The university now offers no distinctive visage to the young person. He finds a democracy of the disciplines—which are there either because they are autochthonous or because they wandered in recently to perform some job that was demanded of the university. This democracy is really an anarchy, because there are no recognized rules for citizenship and no legitimate titles to rule. In short there is no vision, nor is there a set of competing visions, of what an educated human being is. The question has disappeared, for to pose it would be a threat to the peace. There is no organization of the sciences, no tree of knowledge. Out of chaos emerges dispiritedness, because it is impossible to make a reasonable choice. Better to give up on liberal education and get on with a specialty in which there is at least a prescribed curriculum and a prospective career. On the way the student can pick up in elective courses a little of whatever is thought to make one cultured. The student gets no intimation that great mysteries might be revealed to him, that new and higher motives of action might be discovered within him, that a different and more human way of life can be harmoniously constructed by what he is going to learn.
Simply, the university is not distinctive. Equality for us seems to culminate in the unwillingness and incapacity to make claims of superiority, particularly in the domains in which such claims have always been made—art, religion and philosophy. When Weber found that he could not choose between certain high opposites—reason vs. revelation, Buddha vs. Jesus—he did not conclude that all things are equally good, that the distinction between high and low disappears. As a matter of fact he intended to revitalize the consideration of these great alternatives in showing the gravity and danger involved in choosing among them; they were to be heightened in contrast to the trivial considerations of modern life that threatened to overgrow and render indistinguishable the profound problems the confrontation with which makes the bow of the soul taut. The serious intellectual life was for him the battleground of the great decisions, all of which are spiritual or “value” choices. One can no longer present this or that particular view of the educated or civilized man as authoritative; therefore one must say that education consists in knowing, really knowing, the small number of such views in their integrity. This distinction between profound and superficial—which takes the place of good and bad, true and false—provided a focus for serious study, but it hardly held out against the naturally relaxed democratic tendency to say, “Oh, what’s the use?” The first university disruptions at Berkeley were explicitly directed against the multiversity smorgasbord and, I must confess, momentarily and partially engaged my sympathies. It may have even been the case that there was some small element of longing for an education in the motivation of those students. But nothing was done to guide or inform their energy, and the result was merely to add multilife-styles to multidisciplines, the diversity of perversity to the diversity of specialization. What we see so often happening in general happened here too; the insistent demand for greater community ended in greater isolation. Old agreements, old habits, old traditions were not so easily replaced.

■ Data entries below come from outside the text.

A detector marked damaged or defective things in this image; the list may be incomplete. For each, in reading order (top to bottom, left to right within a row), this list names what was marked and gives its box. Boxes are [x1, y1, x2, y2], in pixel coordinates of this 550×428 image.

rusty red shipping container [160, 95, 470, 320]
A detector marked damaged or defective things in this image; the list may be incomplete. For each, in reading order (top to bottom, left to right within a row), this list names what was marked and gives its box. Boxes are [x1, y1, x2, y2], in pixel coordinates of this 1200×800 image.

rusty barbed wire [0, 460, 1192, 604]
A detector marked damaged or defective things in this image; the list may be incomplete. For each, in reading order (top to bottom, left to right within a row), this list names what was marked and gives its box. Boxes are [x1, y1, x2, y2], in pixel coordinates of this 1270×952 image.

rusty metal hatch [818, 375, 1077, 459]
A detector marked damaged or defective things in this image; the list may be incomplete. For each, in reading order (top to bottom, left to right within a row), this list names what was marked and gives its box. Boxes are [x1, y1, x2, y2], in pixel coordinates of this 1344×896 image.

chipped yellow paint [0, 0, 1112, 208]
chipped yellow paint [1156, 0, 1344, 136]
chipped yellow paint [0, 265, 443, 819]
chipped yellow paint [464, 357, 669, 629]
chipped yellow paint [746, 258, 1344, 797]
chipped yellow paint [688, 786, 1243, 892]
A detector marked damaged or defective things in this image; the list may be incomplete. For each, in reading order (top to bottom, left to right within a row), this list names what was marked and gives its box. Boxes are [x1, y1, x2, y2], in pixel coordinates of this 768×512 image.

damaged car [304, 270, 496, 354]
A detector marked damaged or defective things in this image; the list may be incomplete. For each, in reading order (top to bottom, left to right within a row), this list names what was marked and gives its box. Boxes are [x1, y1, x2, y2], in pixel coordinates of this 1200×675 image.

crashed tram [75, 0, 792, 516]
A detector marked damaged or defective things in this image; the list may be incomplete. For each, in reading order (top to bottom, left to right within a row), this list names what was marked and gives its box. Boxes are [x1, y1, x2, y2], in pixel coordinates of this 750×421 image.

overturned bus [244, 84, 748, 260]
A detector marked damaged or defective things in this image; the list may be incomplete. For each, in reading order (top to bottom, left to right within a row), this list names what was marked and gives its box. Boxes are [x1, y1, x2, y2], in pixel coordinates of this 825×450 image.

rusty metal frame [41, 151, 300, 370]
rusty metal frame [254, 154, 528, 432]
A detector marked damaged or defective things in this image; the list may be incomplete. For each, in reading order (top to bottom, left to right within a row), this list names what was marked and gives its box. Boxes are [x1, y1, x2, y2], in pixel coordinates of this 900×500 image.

Thus, when a student arrives at the university, he finds a bewildering variety of departments and a bewildering variety of courses. And there is no official guidance, no university-wide agreement, about what he should study. Nor does he usually find readily available examples, either among students or professors, of a unified use of the university’s resources. It is easiest simply to make a career choice and go about getting prepared for that career. The programs designed for those having made such a choice render their students immune to charms that might lead them out of the conventionally respectable. The sirens sing sotto voce these days, and the young already have enough wax in their ears to pass them by without danger. These specialties can provide enough courses to take up most of their time for four years in preparation for the inevitable graduate study. With the few remaining courses they can do what they please, taking a bit of this and a bit of that. No public career these days—not doctor nor lawyer nor politician nor journalist nor businessman nor entertainer—has much to do with humane learning. An education, other than purely professional or technical, can even seem to be an impediment. That is why a countervailing atmosphere in the univ
ersity would be necessary for the students to gain a taste for intellectual pleasures and learn that they are viable.
The real problem is those students who come hoping to find out what career they want to have, or are simply looking for an adventure with themselves. There are plenty of things for them to do—courses and disciplines enough to spend many a lifetime on. Each department or great division of the university makes a pitch for itself, and each offers a course of study that will make the student an initiate. But how to choose among them? How do they relate to one another? The fact is they do not address one another. They are competing and contradictory, without being aware of it. The problem of the whole is urgently indicated by the very existence of the specialties, but it is never systematically posed. The net effect of the student’s encounter with the college catalogue is bewilderment and very often demoralization. It is just a matter of chance whether he finds one or two professors who can give him an insight into one of the great visions of education that have been the distinguishing part of every civilized nation. Most professors are specialists, concerned only with their own fields, interested in the advancement of those fields in their own terms, or in their own personal advancement in a world where all the rewards are on the side of professional distinction. They have been entirely emancipated from the old structure of the university, which at least helped to indicate that they are incomplete, only parts of an unexamined and undiscovered whole. So the student must navigate among a collection of carnival barkers, each trying to lure him into a particular sideshow. This undecided student is an embarrassment to most universities, because he seems to be saying, “I am a whole human being. Help me to form myself in my wholeness and let me develop my real potential,” and he is the one to whom they have nothing to say.